EXCERPTED RECORDS:
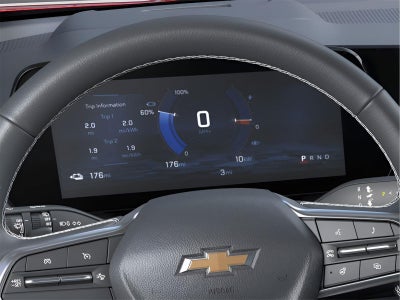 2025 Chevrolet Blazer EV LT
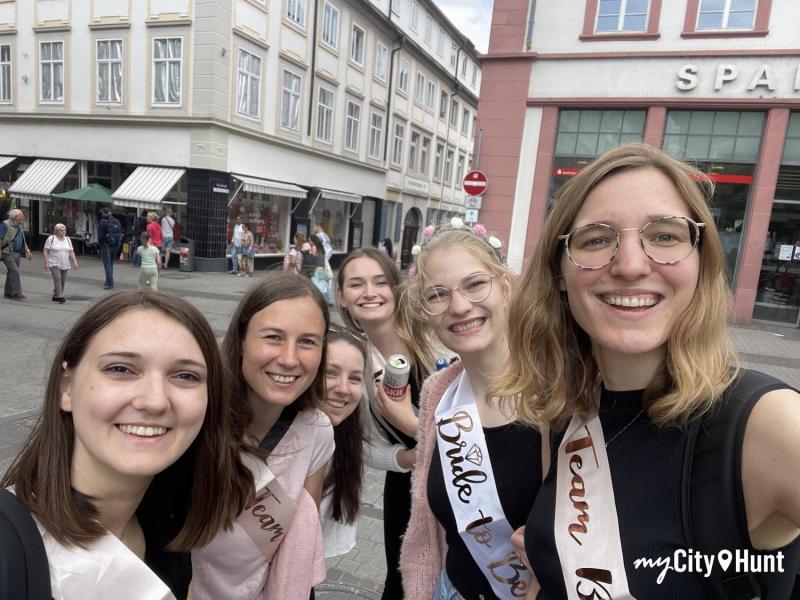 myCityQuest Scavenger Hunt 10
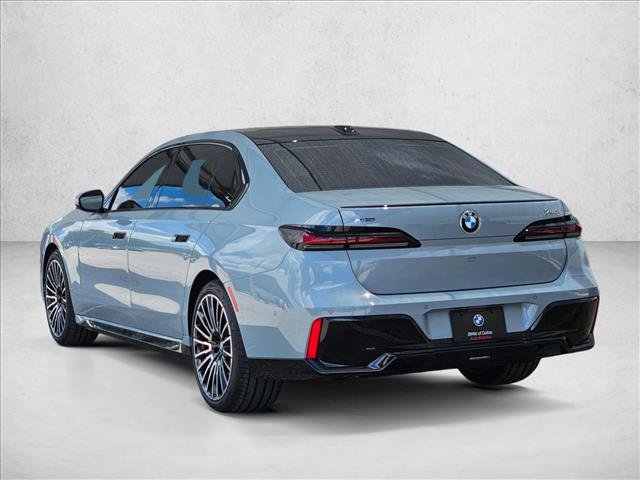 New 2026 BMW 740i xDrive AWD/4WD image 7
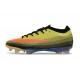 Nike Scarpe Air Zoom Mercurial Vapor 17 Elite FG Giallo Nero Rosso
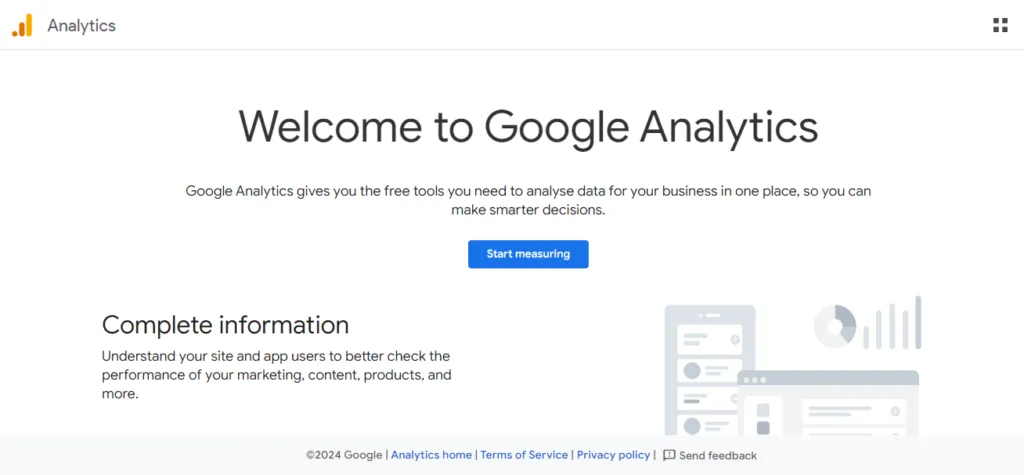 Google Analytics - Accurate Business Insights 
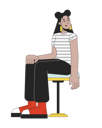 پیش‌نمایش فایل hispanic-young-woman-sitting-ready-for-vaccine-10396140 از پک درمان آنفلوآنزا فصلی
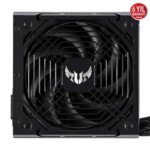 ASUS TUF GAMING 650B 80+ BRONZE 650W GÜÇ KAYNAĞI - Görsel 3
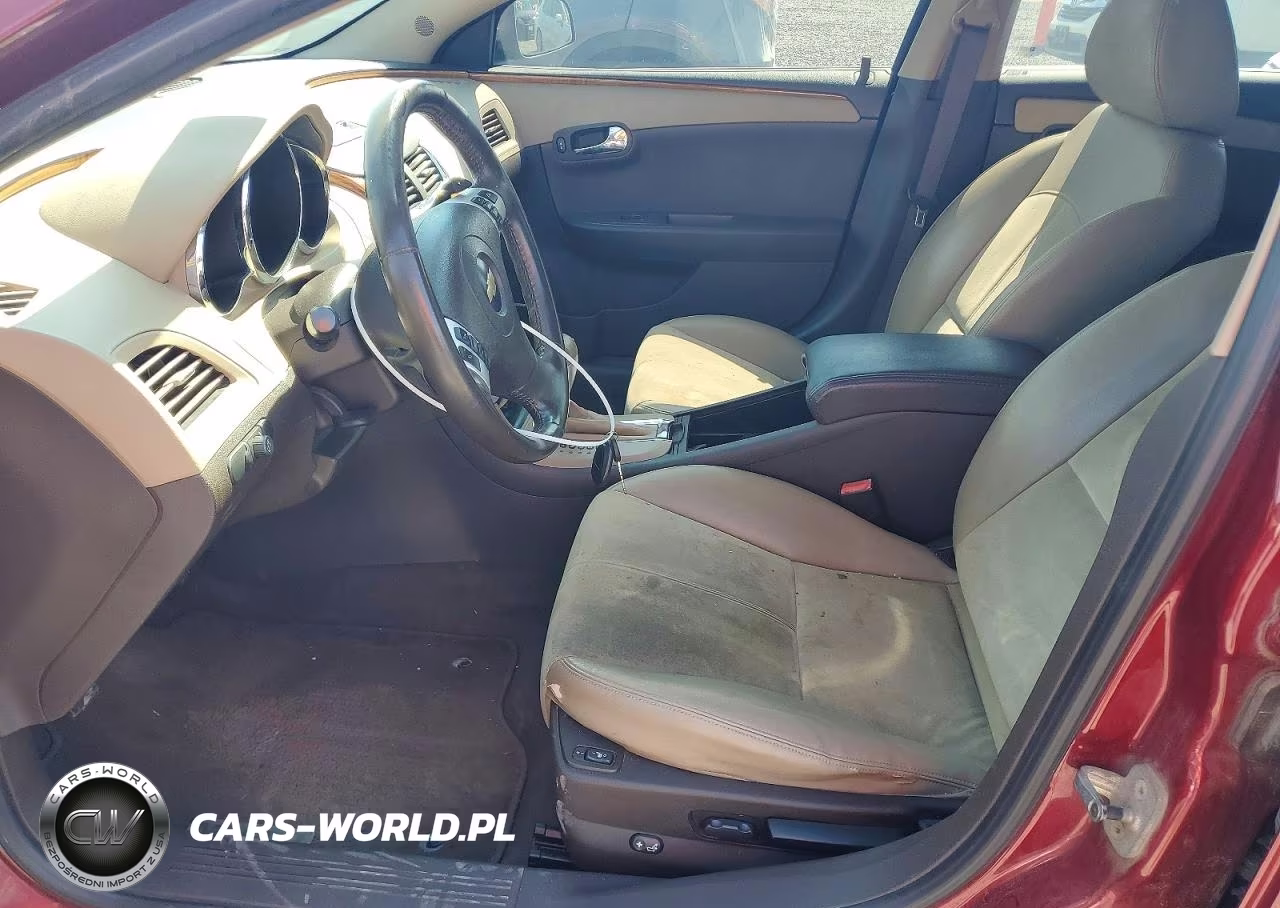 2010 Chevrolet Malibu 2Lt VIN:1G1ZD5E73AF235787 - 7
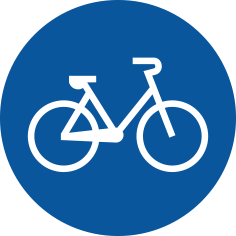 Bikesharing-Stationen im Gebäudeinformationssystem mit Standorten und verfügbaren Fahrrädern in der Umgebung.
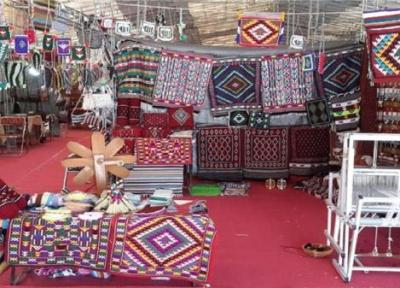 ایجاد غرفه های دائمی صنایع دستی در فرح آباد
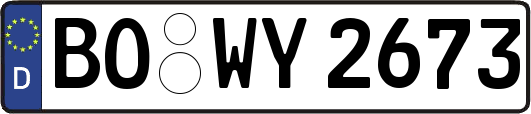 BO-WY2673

--

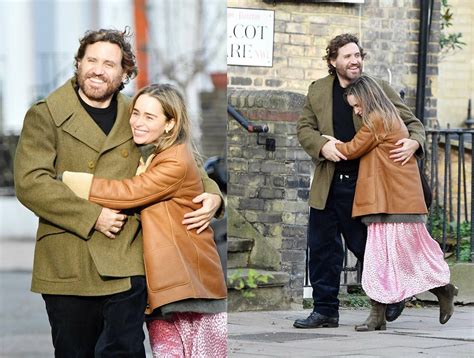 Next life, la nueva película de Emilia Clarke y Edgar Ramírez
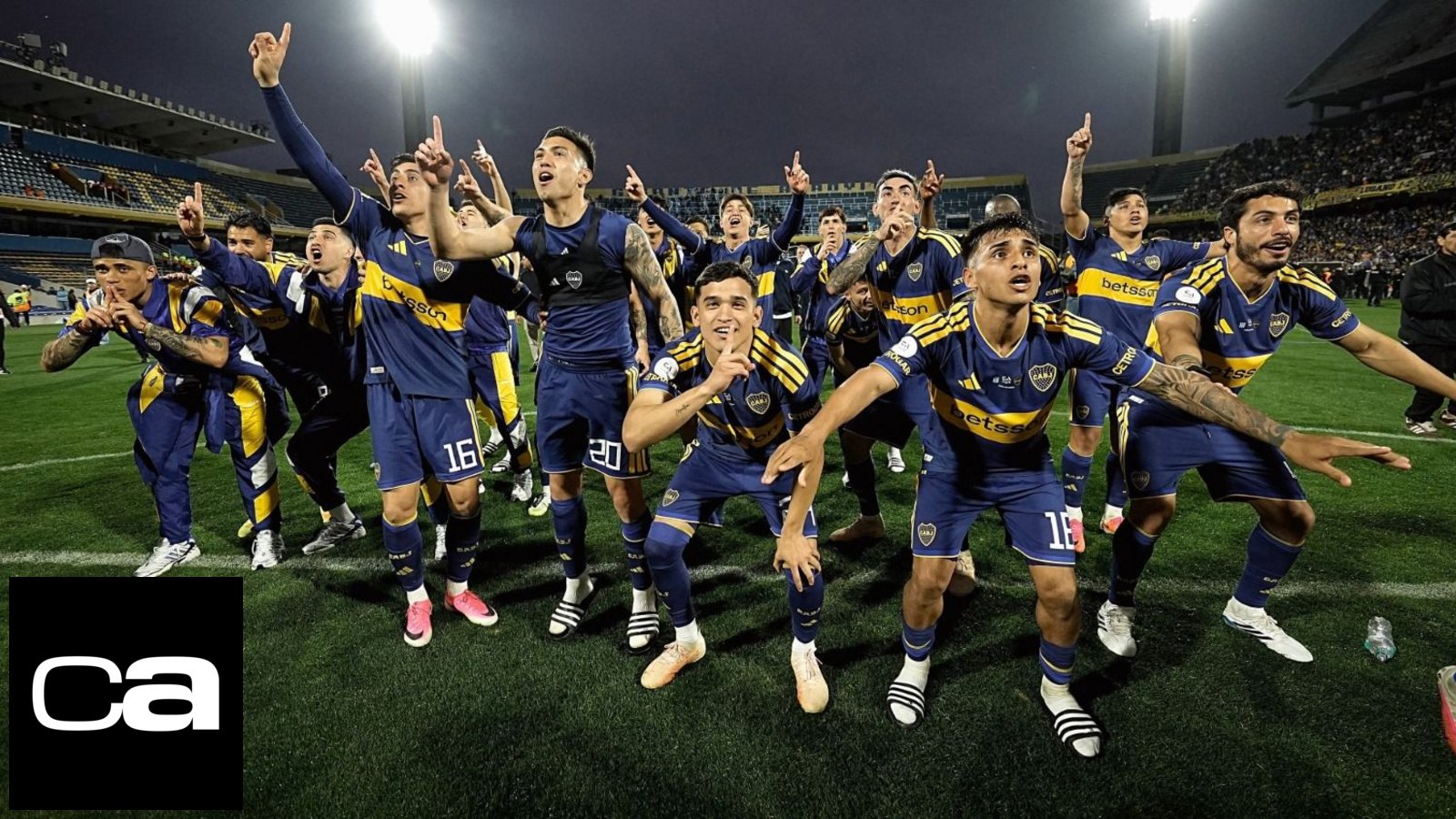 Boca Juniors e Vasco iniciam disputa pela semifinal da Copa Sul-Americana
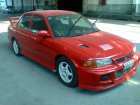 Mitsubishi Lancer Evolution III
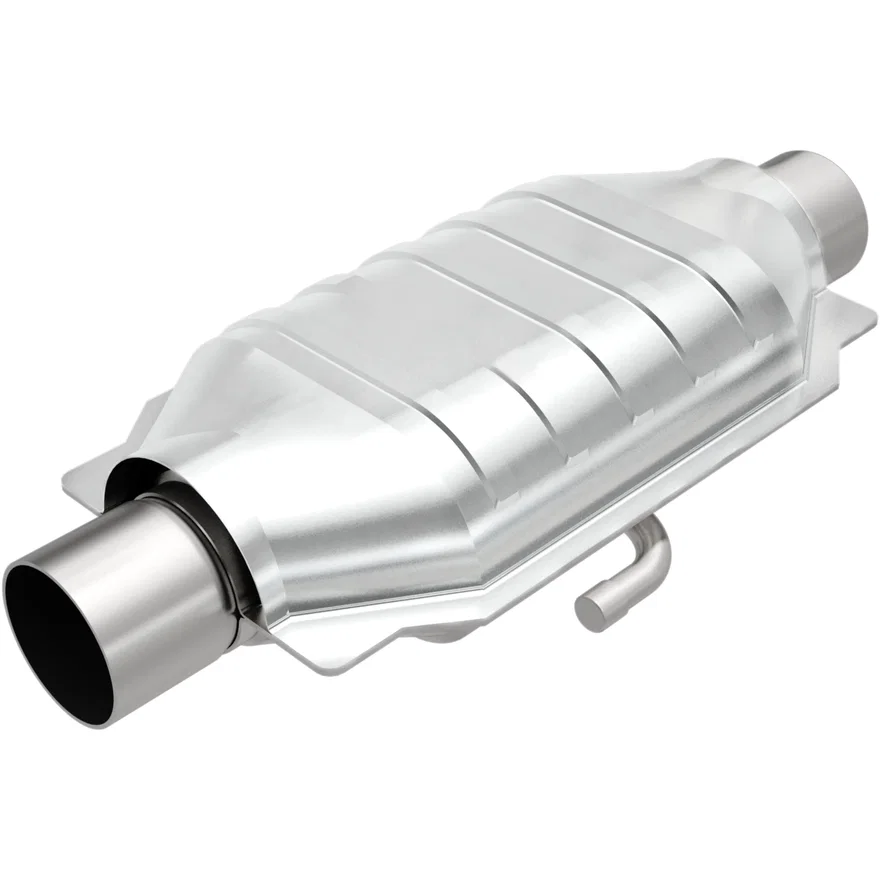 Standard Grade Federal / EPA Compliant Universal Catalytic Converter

THE PROBLEM: Above is the material; set down exactly its lines from the one containing "Mitsubishi Lancer Evolution III" down to the one containing "Standard Grade Federal", both included, leaving out any pictures.

SOLUTION:
 Mitsubishi Lancer Evolution III
 Standard Grade Federal / EPA Compliant Universal Catalytic Converter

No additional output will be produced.